La versione che giunge ora sugli scaffali si avvale di una nuova traduzione di David Perazzoni ed è impreziosita da un’introduzione dello stesso Martino, che sottolinea il radicalismo di quella proposta culturale ed enfatizza l’utilità di quella lezione anche ai fini di comprendere l’ultima crisi finanziaria: assai più correlata a una politica monetaria espansiva e lassista - del tutto anti-friedmaniana - che non a quel libero mercato messo sul banco degli imputati da tanta pubblicistica.
Le tesi teoriche formulate dall’economista di Chicago sono oggi, ovviamente, al centro di aspre discussioni. Gli autori liberali della cosiddetta Scuola austriaca, ad esempio, hanno espresso critiche piuttosto nette alla sua metodologia positivista e alle sue idee in materia monetaria. Ancor più negativi verso Friedman, ovviamente, sono i post-keynesiani, che giudicano irragionevole ogni proposta di tenere sotto rigoroso controllo l’espansione monetaria: magari anche grazie a vincoli costituzionali.
Tornando oggi a sfogliare il volume scritto quasi mezzo secolo fa da Friedman salta però subito agli occhi come su molti temi il suo successo sia stato impressionante. Quelle pagine uscirono entro un mondo occidentale che era largamente dominato dalla psicanalisi, dal marxismo, dallo strutturalismo. Oggi quell’universo si è in larga misura inabissato, mentre le questioni su cui Friedman invitava a dibattere rimangono più vive che mai. In particolare, è evidente ai più che non vi può essere alcuna società libera se le fondamentali libertà economiche vengono negate, e che è sempre più cruciale affrancare l'educazione dai poteri pubblici e dai programmi ministeriali: come attestano pure le polemiche di queste settimane che scuotono il Regno Unito.
La persistente attualità di Capitalismo e libertà è dettata, in linea generale, dall’intrinseca vitalità degli ideali libertari propugnati dal libro, ma è pure rafforzata dal fatto che, almeno nel lungo periodo, il tempo si rivela galantuomo.
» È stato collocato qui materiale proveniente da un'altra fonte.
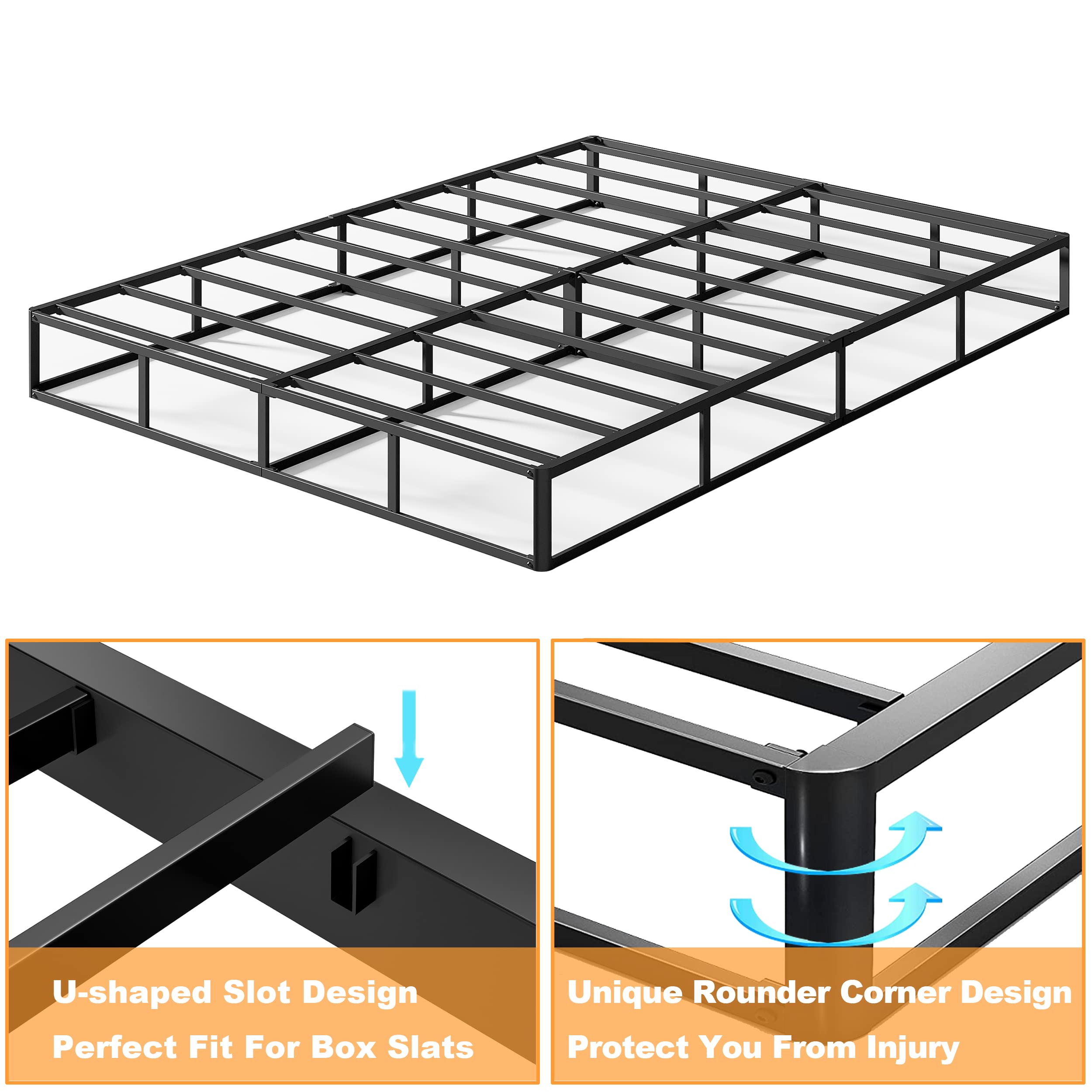 7 Inch Box Spring Queen Size - Heavy Duty Metal High Profile Mattress Foundation with Easy Clean Cover - Quiet, Non-Slip & Simple Assembly - Perfect for Bedroom, Guest Room & Dormitory Use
L’intero Occidente si trova infatti alle prese con la crisi strutturale di un welfare statale - dalle pensioni alla sanità, per citare due voci cruciali - da cui si potrà uscire soltanto grazie a quel drastico ridimensionamento del settore pubblico che Friedman suggeriva.Anche chi in passato non ha condiviso la passione friedmaniana per la libertà, ora è chiamato a fare i conti con la dura legge dei fatti. E a trarne tutte le conseguenze.